I began with calling poetry an art, in that poetry is an idealized creation of man. The definition of art is: a selective recreation of reality. A recreation of reality because art is not reality itself, yet reality is it's only subject. Selective because the artist does not portray reality exactly, he chooses which aspects to portray depending upon his values and idealizes those values. Please, don't ask me to define value, I thought about it and I can't do that yet. I have a working definition which I use to judge a value, for now, but I don't understand it well enough to defend the definition. Art is judged good to the extent of the artist's ability to idealize the value(s), and it is appreciated by an individual to the extent that that individual agrees with the value(s).
Then it occurred to me that I can narrow the genus further, poetry is expressed only in one particular medium. You can't paint or sculpt a poem: if you tried, what you'd end up with is a painting or a sculpture based upon a poem, but not a poem itself. At first I wanted to call this medium 'literature', and it's definition was: language arts. In other words, art which is expressed in language (written or oral). But after consulting a great friend, I think this is the wrong concept for this definition. Literature can include history/science/technical textbooks which aren't art, though it's written.
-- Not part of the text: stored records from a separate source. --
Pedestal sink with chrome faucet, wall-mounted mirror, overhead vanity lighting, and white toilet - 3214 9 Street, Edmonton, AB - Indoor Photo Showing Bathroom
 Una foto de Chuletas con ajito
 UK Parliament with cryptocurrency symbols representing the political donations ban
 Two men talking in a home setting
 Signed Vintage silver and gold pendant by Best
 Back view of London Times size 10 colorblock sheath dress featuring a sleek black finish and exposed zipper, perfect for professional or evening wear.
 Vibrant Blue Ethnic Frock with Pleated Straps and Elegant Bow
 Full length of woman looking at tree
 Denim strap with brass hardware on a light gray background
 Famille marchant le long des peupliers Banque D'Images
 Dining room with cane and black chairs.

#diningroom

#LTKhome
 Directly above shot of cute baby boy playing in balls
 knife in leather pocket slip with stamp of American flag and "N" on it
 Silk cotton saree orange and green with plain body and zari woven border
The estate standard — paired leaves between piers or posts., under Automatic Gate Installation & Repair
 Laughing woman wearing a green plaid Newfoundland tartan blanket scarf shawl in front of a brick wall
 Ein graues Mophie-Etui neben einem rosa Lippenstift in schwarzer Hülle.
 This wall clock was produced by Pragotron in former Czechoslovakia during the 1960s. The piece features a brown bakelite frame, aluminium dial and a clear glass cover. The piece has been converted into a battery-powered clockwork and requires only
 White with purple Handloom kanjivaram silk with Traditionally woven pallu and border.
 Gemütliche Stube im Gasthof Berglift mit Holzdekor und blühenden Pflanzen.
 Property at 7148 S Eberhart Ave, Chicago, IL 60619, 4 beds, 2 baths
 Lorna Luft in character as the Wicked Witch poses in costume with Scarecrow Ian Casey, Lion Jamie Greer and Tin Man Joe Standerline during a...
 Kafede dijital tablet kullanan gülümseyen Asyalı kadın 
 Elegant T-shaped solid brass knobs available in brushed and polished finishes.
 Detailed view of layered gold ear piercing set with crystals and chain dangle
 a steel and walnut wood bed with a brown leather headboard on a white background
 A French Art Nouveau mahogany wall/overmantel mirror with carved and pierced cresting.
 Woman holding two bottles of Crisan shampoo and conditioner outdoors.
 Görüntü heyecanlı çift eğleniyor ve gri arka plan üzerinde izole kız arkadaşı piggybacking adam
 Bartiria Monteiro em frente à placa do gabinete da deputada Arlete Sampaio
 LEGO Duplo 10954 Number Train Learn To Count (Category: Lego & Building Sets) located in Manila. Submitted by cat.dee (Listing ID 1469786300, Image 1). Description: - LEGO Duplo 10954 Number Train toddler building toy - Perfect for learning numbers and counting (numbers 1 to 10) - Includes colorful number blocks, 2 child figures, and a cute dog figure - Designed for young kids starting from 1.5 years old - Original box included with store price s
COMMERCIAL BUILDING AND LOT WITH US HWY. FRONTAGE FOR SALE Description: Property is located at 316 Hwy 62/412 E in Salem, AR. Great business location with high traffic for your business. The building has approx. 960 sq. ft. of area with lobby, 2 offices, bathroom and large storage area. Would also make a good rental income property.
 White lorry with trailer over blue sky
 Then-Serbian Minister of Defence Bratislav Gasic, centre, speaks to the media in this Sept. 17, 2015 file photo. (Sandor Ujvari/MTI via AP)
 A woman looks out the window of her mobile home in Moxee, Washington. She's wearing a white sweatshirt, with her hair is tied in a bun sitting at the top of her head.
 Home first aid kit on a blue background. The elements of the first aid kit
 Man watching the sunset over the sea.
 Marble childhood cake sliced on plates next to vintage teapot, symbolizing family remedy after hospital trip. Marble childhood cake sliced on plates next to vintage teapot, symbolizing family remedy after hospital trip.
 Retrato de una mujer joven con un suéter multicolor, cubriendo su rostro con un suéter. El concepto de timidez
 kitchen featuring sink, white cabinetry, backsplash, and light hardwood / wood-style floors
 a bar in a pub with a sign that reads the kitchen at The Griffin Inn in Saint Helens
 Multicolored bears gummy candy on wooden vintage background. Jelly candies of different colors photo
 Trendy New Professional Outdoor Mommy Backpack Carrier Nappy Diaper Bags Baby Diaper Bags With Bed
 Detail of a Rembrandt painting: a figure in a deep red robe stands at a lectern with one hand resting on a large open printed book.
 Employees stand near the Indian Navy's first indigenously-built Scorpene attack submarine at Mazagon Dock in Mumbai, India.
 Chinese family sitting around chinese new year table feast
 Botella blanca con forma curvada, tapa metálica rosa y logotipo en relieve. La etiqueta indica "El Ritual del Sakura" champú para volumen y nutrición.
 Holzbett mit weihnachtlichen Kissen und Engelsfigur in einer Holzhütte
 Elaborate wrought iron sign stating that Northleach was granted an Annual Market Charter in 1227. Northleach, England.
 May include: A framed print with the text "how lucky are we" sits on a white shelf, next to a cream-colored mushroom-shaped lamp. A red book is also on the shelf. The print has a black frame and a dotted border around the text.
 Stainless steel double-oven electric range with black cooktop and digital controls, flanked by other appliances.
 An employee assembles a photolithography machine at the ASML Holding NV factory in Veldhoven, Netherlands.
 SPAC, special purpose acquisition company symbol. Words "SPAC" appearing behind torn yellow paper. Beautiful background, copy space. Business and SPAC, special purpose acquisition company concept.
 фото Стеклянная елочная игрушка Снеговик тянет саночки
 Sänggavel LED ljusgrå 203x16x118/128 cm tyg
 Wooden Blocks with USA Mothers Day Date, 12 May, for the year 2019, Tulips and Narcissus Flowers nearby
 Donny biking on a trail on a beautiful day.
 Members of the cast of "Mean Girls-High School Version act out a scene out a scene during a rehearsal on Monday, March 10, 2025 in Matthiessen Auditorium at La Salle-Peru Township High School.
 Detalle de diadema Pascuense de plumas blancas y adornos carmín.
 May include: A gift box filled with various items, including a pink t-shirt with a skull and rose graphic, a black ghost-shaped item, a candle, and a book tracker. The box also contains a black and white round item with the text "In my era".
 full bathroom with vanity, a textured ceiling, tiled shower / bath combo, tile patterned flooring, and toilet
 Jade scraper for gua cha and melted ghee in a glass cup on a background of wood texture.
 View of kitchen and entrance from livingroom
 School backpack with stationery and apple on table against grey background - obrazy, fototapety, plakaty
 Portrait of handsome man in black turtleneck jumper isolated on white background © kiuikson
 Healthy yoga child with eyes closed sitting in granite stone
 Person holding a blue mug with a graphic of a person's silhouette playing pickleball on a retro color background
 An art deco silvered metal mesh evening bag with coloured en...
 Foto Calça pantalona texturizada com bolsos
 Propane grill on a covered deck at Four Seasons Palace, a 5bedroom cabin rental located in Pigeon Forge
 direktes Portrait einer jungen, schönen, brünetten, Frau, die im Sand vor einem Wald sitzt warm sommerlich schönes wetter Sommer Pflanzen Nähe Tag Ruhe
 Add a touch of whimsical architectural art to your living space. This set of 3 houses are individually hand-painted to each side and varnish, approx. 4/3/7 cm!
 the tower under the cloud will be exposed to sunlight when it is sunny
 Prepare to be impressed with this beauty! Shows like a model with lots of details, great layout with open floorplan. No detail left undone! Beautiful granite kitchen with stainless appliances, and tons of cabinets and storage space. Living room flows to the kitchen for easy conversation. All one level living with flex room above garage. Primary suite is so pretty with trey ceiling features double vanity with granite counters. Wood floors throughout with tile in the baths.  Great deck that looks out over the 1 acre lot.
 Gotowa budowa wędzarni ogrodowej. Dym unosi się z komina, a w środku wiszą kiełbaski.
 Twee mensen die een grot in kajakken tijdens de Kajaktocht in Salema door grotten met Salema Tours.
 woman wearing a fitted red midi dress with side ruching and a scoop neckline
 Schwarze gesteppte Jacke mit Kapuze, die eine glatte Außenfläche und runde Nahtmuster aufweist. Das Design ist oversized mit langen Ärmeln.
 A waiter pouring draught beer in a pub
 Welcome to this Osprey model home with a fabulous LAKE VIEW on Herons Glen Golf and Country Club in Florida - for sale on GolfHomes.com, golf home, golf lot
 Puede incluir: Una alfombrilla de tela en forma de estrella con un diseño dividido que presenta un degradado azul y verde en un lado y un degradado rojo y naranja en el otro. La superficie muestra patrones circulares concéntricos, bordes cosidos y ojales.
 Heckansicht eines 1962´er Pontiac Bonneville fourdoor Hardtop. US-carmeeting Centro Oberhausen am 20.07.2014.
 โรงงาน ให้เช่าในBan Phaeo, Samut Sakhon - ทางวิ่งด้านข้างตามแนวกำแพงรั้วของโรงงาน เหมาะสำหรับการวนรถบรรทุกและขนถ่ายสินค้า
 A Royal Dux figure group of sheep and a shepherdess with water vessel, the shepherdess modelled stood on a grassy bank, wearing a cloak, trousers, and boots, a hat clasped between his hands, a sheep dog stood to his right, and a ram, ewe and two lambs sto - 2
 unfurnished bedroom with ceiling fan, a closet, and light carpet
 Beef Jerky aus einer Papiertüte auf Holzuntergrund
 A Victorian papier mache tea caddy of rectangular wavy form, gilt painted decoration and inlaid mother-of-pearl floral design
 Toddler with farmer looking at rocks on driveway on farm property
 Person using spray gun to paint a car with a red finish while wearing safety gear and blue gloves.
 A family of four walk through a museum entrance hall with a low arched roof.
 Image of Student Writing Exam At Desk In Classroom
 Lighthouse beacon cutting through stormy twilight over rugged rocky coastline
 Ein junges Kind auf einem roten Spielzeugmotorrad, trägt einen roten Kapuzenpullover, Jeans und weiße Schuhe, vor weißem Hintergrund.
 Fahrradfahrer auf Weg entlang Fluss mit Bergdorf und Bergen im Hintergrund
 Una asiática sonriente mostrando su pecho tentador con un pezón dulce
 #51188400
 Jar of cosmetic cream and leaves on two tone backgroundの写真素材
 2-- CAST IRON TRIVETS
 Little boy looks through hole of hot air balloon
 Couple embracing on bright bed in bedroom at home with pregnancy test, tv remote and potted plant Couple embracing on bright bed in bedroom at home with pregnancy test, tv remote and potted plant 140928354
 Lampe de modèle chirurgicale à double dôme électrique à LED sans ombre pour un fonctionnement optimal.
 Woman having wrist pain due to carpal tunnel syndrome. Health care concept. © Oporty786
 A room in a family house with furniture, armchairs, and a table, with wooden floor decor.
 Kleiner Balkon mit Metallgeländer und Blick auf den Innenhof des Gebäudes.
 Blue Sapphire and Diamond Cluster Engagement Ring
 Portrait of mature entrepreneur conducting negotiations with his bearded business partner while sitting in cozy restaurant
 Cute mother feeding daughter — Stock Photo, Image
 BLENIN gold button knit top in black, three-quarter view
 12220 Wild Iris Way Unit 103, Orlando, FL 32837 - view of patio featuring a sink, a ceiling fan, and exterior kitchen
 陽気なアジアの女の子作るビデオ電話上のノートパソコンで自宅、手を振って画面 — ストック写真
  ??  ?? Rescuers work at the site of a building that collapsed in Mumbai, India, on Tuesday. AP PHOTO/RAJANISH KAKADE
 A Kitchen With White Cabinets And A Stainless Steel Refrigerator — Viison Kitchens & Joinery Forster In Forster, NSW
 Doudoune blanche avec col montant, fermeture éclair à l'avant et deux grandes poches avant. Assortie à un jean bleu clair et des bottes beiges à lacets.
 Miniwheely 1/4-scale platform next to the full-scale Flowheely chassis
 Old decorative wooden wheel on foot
But, whatever the label, the definition is correct; so poetry is a language art.
Comments Posted to Original Blog
- Agmini said...
-
Hey, Amanda. This is Lisa (from class). I'd really love to discuss some of this stuff with you sometime outside of class. It appears we have some other common interests (some movies and stuff you have listed). Would you be interested in getting together to talk about stuff sometime?
- Agmini said...
-
Oh, I have an account here but I don't use it much. You can email me, or go to my "blog" at LiveJournal, under the same name (ladyisla). I'm not going to post my AIM or anything else here, but if you want it, I can give it to you in class or something.
- Amanda Carlson said...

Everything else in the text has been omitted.